For most of the last fifteen years now, Ann Arborites have had the opportunity to watch the remarkable talent of Bob Hicok grow and mature. It wasn't long after he started writing poems to perform at the monthly local Poetry Slam that he began to find outlets eager to publish his work. His poems appear regularly now in the yearly Best American Poetry anthologies, and this year he was a finalist for the National Book Critics Circle Award for Poetry, one of the three most prestigious awards an American writer can win. Animal Soul, the book that almost won the prize and Hicok's third full-length collection, has led to some major magazine attention, some of which may finally be changing the conditions of Hicok's life, at least a little bit.

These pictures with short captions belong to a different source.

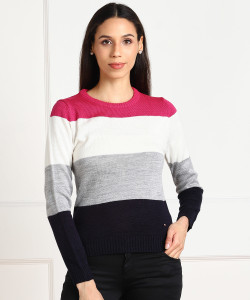 NUMERO UNO Striped Round Neck Casual Women Multicolor Sweater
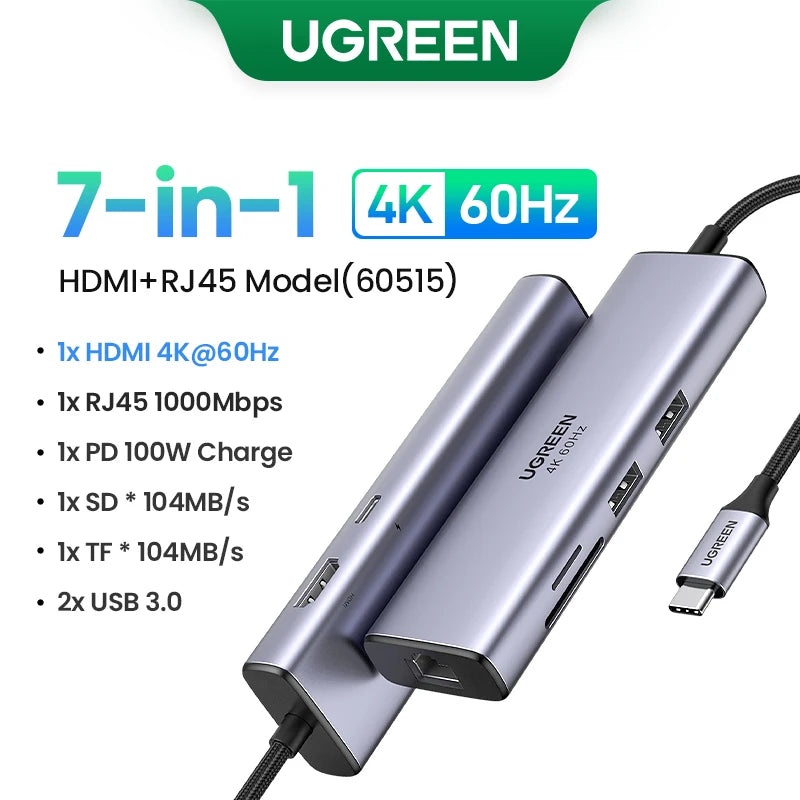 UGREEN Dual HDMI USB HUB 8K HDMI Adapter 10 in 1 Splitter with RJ45 USB 3.0 PD 100W Dock for MacBook Pro Air M2 M1 USB C HUB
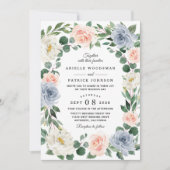 Dusty Blue Grey Blush Pink Peach Floral Wedding Einladung (Vorderseite)
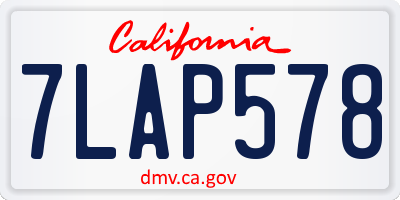 CA license plate 7LAP578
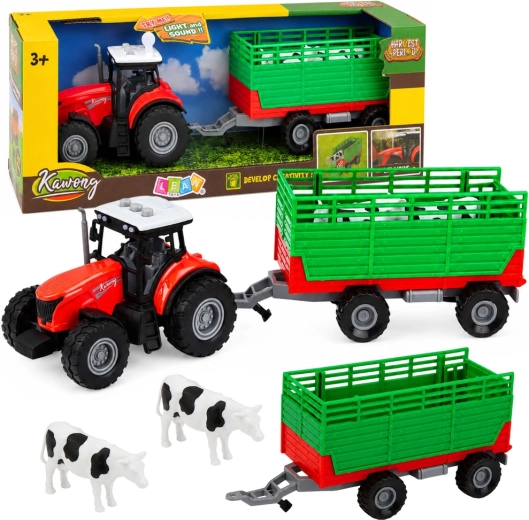 Traktor z odczepianą przyczepą do transportu zwierząt ze światłami i dźwiękami (4 elementy)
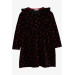 Girl's Long Sleeve Velvet Dress Ruffled Black (Age 3-8)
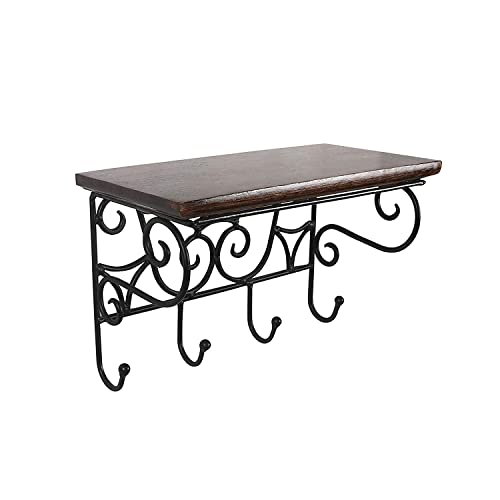 CRAFTCASTLE Wooden & Wrought Iron Wall Bracket | Book Rack | Cloth Hanger | Wall Decorative (9 x 7 x 4) inches - Image 1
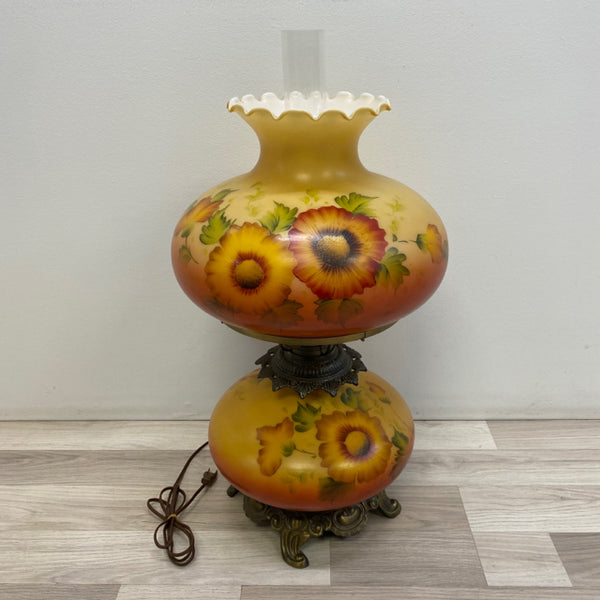 Hand Painted Yellow-Multicolor Fenton Hurracaine Glass Lamp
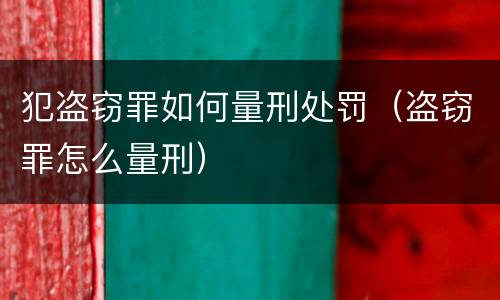 犯盗窃罪如何量刑处罚（盗窃罪怎么量刑）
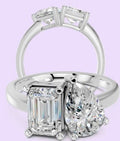 14K Emerald and Pear Toi et Moi Ring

For years he practiced his art in between the busy times of an independent die designer, mostly for the manufacture of auto parts. Hicok would work on his poems early in the morning before he submitted to the demands of making a living, and he would spend his evenings getting the work out, looking for an audience. Now he can actually take some time away from his successful private business; this year he's teaching poetry at WMU, and he has finally been invited to read his poems in the U-M Visiting Writers series at the business school's Hale Auditorium on Monday, November 4.

Hicok's poems have always had an edge to them. The poems are often funny, placing unexpected things next to each other in startling ways. For instance, "How Origami Was Invented" begins:

The last I went to confession was to whisper
I like being alone. I was penanced to sing
Stayin' Alive one hundred times. Solitude
almost tastes like grapes, of course not
but alone I can think such things,
there's no one to counter strawberries.

I don't think there's another poet who uses the commodities of popular culture to evoke conditions of the soul as successfully as Hicok. That same balance of the very serious with the frivolous also enables him to persuasively engage issues of social concern, like child abuse or homelessness, making these themes part of his poetry without sounding as though he's engaged in any easy moralizing or trying to beat some political drum.

Above all, Hicok's poetry is carried forward by the sound and play of words. As he says in another poem, "If you don't pay attention to the tune / something mystical happens and there's music / despite your best intentions."